Sophie lost her 13 year old son 15 years ago in a “gun accident”. Apparently the kid stole a loaded handgun from his uncle’s dresser drawer - then pointed it point blank at Josh and fired. Killed him instantly. I am praying she does not have to go through the loss of another child.
I’ve typed out a couple of mostly incoherent rants about my husband, and they’re too long and rambling, so here’s the TL/DR version: Just because there’s money in the checking or savings account, you don’t have to spend it. There’s no extra points for reaching a zero balance every single pay period, dammit. Also? We really don’t need and couldn’t afford a CB radio. Really. :mad:
I can so get behind this rant, and I choose to not eat meat. Some weekends, I go out on my deck and the neighbor’s under me are smoking something. I hates them! Its even worse when they see me and offer me some of that falling off the bone pork.

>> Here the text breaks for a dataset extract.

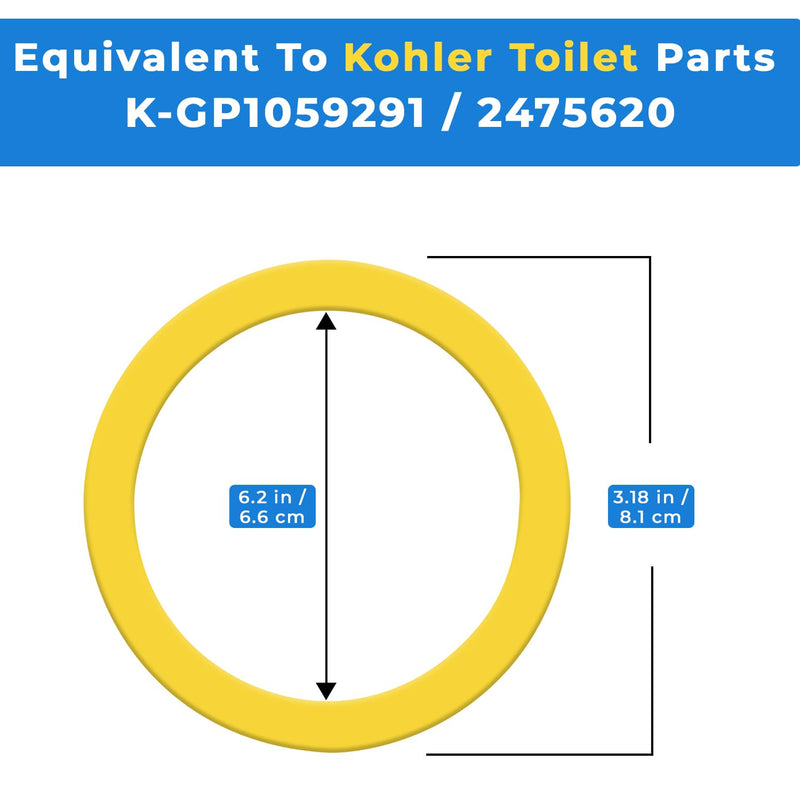 [Australia - AusPower] - Pack of 2 Silicone Canister Flush Valve Seal replaces Kohler Toilet Parts K-GP1059291/2475620 Replacment Canister Flush Valve Kit Gasket for K-GP1059291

I’m behind this rant as well. Whiskers is probably intact and marking his area. Idiot pet owners are idiot pet owners. Did you spray some anti-pee stuff down the inside of the door…where it goes up and down?
I am offering up sympathy…and wondering why he needs a CB radio. I could probably ask around and find a working but unused one if you want.
Goddamn it. Money down the fucking tubes. Just pisses me off.
My sister and brother in law gave me their old printer. An Epson CX9400. The cartridges were low, so I buy a new black ink cartridge for $18.
FUCK FUCK FUCK. Stupid motherfucking piece of shit won’t print unless ALL of the cartridges are operational/non-empty. So I go drop $39 for the 3 color cartridges.
Won’t print black, won’t print red. I go through the head cleaning routine about 5 times. Still won’t print black or red, and now it tells me these goddamned NEW cartridges are running low. How the fuck can they be running low when it hasn’t printed a single fucking thing???
I mention it to my sister. She says “Oh, we forgot to give you the extra cartridges? Here they are!”.
So I have extra cartidges NOW, but I just pissed away $57 on ink and the stupid piece of shit isn’t printing anything and probably isn’t going to be functional. Which means the extra cartridges are fucking worthless to me, but hey, if I’d have had them before I’d be less pissed off because I wouldn’t have wasted over $60 (with the tax) on shit that doesn’t work.
And I really have about 10 pages of shit that I NEED to have printed by next weekend.
If I recall correctly, inkjet printers “clean themselves” by forcing ink, and a LOT of it, through the print head. Problem is, it uses up a great deal of ink (3 or 4 cleanings will go right through a cartridge) and it won’t help if the holes are blocked.
They make cleaners for the print heads; use that instead of the printer’s self-cleaning routine. I think they only have it to use up ink that much faster and make you buy more, not because it helps clean the print head. Printer makers make their profit in the ink, not the printer.
(I went through a lot of ink before I learned that, and it never helped. I went through a couple of printers, too, because I couldn’t get the printer head cleaned. Eventually, I gave up and bought a laser. I’m much happier now.)
Ink Refills. Do your self a favour and get friendly with a local ink refilling business.
Seriously. I refill my own with black ink and pay for the shop to do the refills with colour because they are way more finicky and messy. The colour refils are about half the price of new, and well for a big bottle of black ink, and a syringe I spent about 12 dollars and I had I don’t know 6 or 10 refills from one bottle. I use a cartridge about 5-8 times before it just doesn’t take ink properly and makes a mess… some people get more than a dozen uses, I am sure with care and cleaning I could to. (I go through times where I use two cartridges a week, then months where I don’t change the cartridge at all, that probably affects longevity.)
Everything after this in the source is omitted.